AI Productivity Metrics Miss the Point

Everyone’s chasing AI productivity numbers, but I keep feeling we’re optimizing for the wrong thing. The industry is fixated on percentage gains-20% faster coding, 40% more throughput-when the real question is whether AI helps us make better technical decisions. Take this post on How Tech Companies Measure the Impact of AI on Software Development by Laura Tacho

There’s a gap between what leaders need to know and what’s being measured and talked about, and this measurement gap only widens as new tools and capabilities hit the market.

This gap feels familiar. It’s the same disconnect I’ve seen with every productivity initiative that focused on velocity over outcome quality. We measure what’s easy to count rather than what actually matters.

The Theater of Productivity Link to heading

The current AI metrics landscape reads like productivity theater:

You don’t need totally new metrics to measure AI impact. Instead, focus on what’s always mattered. Is AI helping your organization get better at those things?

This is the right instinct, but then most organizations immediately contradict it by obsessing over AI-specific metrics that ignore fundamental engineering effectiveness. It’s like measuring lines of code again, but with more sophisticated tooling.
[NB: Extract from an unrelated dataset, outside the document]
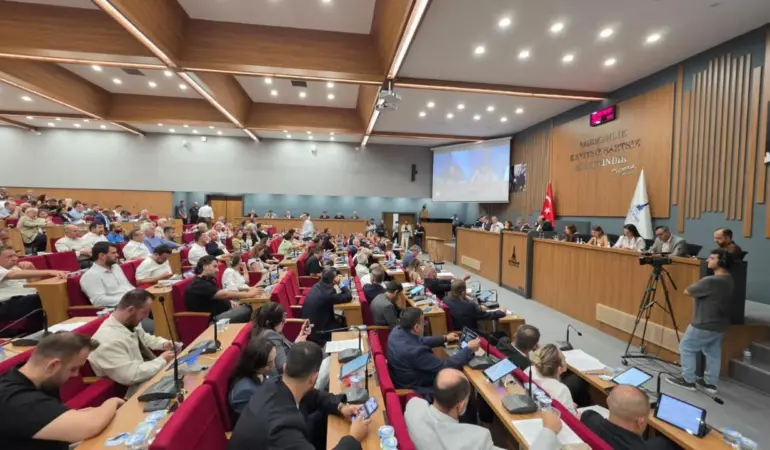 İzmir Büyükşehir Meclisi’nde yeni dönem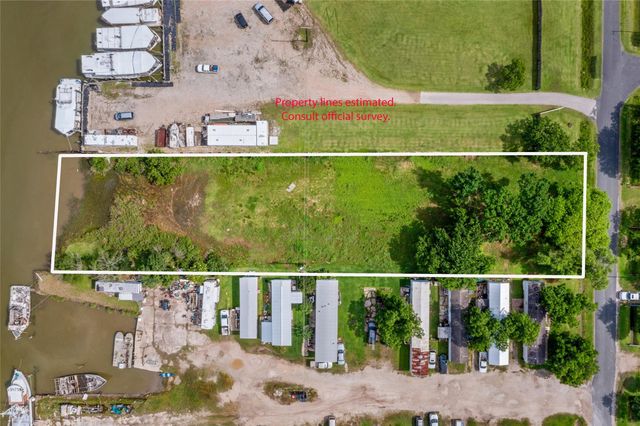 4301 20th Street N, Texas City, TX 77590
Hannah Foxwell captured something important about this productivity obsession in “Making AI Agents work for you” talk:

I don’t want to be made better and faster. I don’t think there’s ever been a point in my career where I got to the bottom of my to-do list… For most people and most teams, I think maybe we should be focusing on doing the right work, and doing it better.

When I see claims of massive productivity gains, my first question isn’t “how much faster?” but “faster at what?” Are we shipping features that customers actually need? Are we reducing technical debt or creating more of it? Are we making decisions that will hold up under scrutiny?

What Actually Moves the Needle Link to heading

You need to collect system-metrics AND self-reported ones in order to get robust data, by which I mean data that covers dimensions of speed, quality, and maintainability.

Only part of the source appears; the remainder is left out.